Third, severe grinding heat can soften or retemper the tool. Rehardening the surface layer leads to retempering; the tool is softened in these areas, and its value as a cutting tool severely decreased. Softening of a few thousandths at critical relief angles can cause very rapid wear, destruction of clearances, consequent generation of even more heat during cutting, and rapid tool breakdown. When the surface layer of ground tools is actually rehardened, not only is the rehardening ineffective, but the affected layer is left highly stressed and untempered, and these high internal stresses lead to rapid tool failure.

As the alloy content of the cutting tool is increased--particularly in vanadium carbides--grinding difficulty is greatly increased. Just as carbon tool steel is much easier to grind than HSS, some HSS grades are easier to grind than the high-carbon/high-chrome D2 cold-work tool steels. For example, D7 is extremely difficult to grind in the hardened condition because of its high alloy content and high vanadium-carbide content. Yet, some of the newer super-HSS grades at Rc 69-70 are considerably easier to grind than high-vanadium HSS at Rc 65-66.

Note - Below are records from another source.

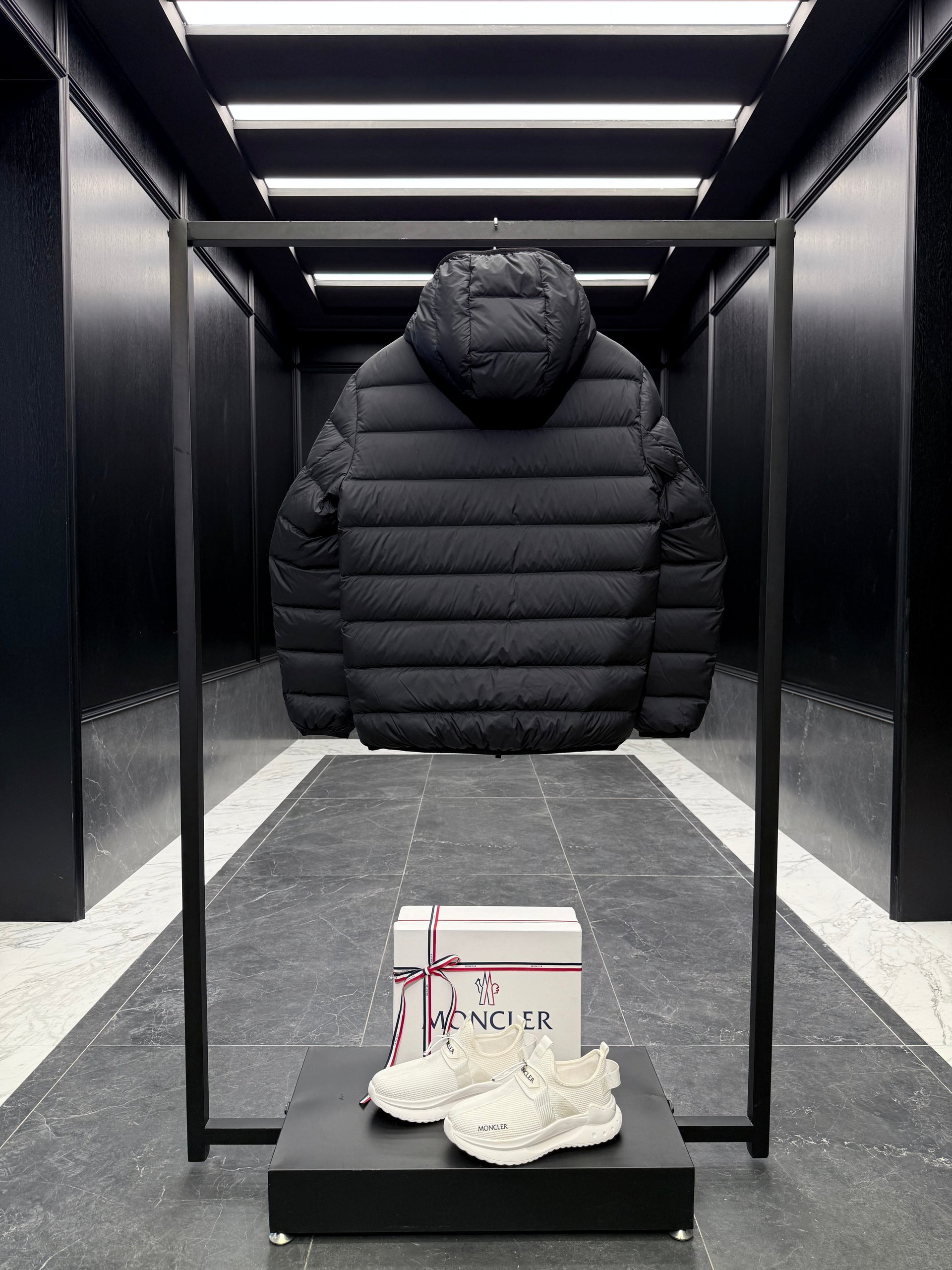 MONC JELUZ JACKET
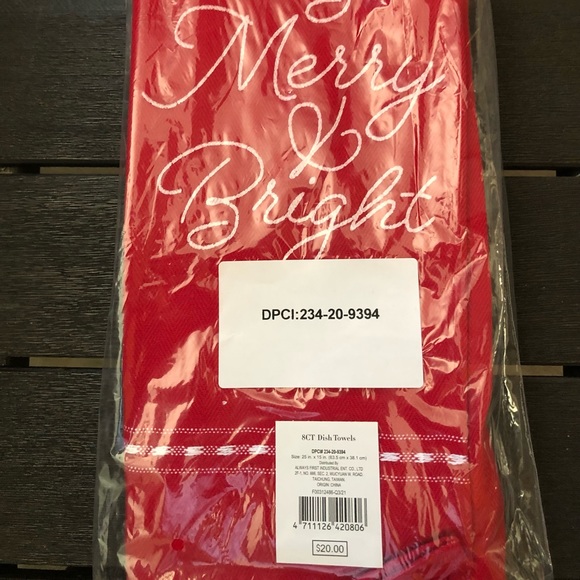 ‼️$5 SALE‼️ BULLSEYE 2021 Holiday Kitchen Towel Set - Picture 9 of 10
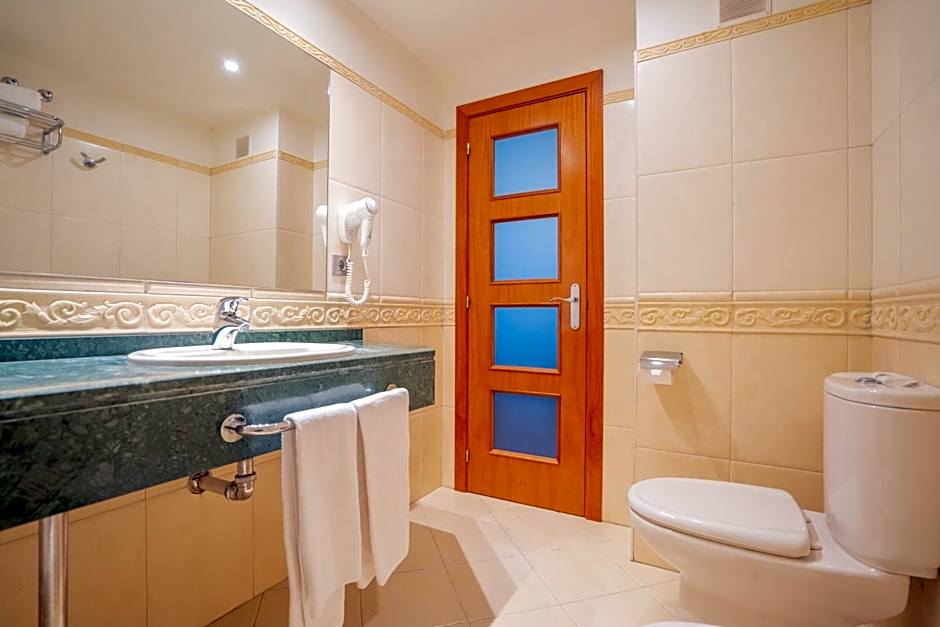 Hotel Torres de Somo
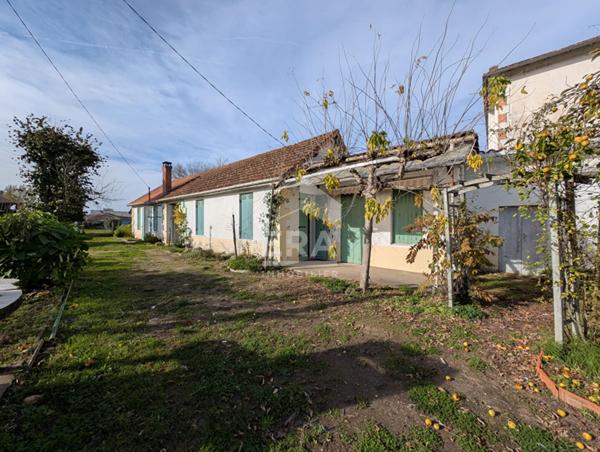 Maison à vendre de plain pied à Montpon-Ménestérol 5 pièces 90 m2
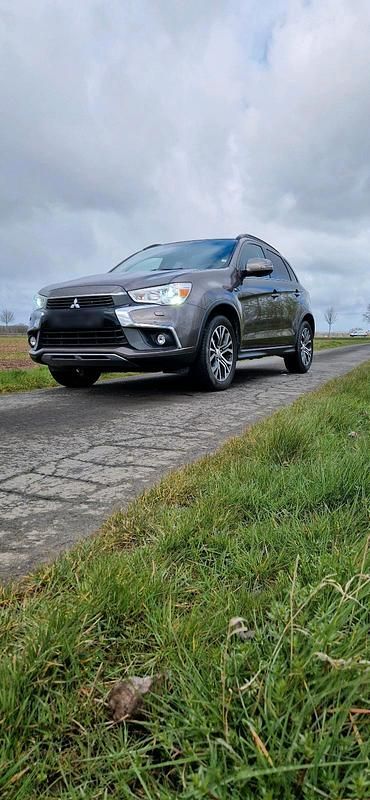 Używany Mitsubishi ASX 150 KM (110 kW) 2016 Brązowy SUV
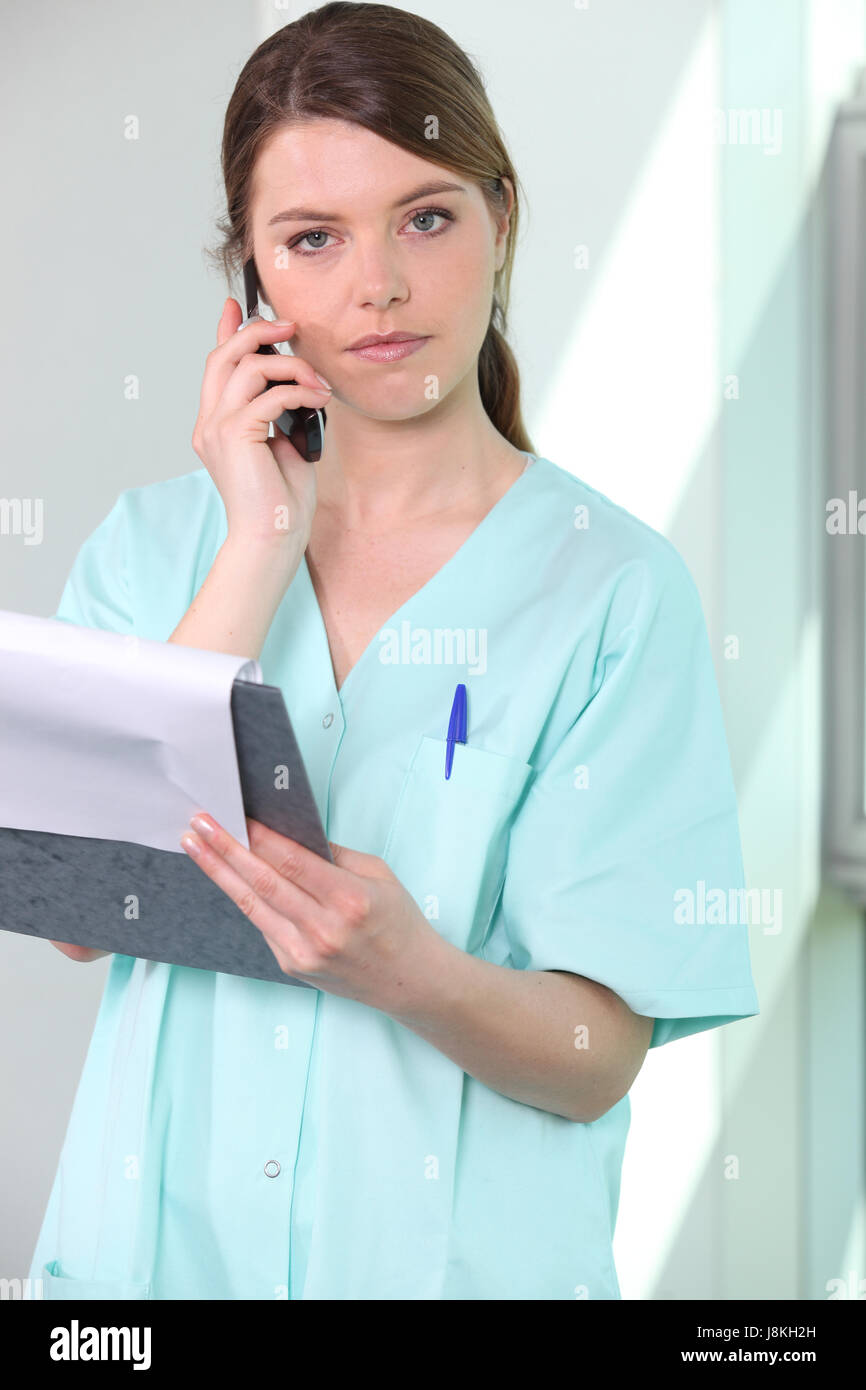 I am a nurse for 4 years, I have worked in 1 hospital before, I am looking for a full time job.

An important factor is proper heat treatment. Tools with the optimum balance between hardness and toughness will grind easier than those either overheated to a brittle structure or undertempered so austenite remains. Since an overheated tool has less ductility, the effects of grinding that cause incipient cracking will occur at an even lower stress level (sometimes even below that developed under proper grinding conditions). A steel with considerable retained austenite will be difficult to grind because the transformation of austenite by grinding heat adds to grinding stresses, often causing cracking under conditions that would not normally cause this to happen.

For more information on metallurgical factors affecting tool-steel service life, circle 526.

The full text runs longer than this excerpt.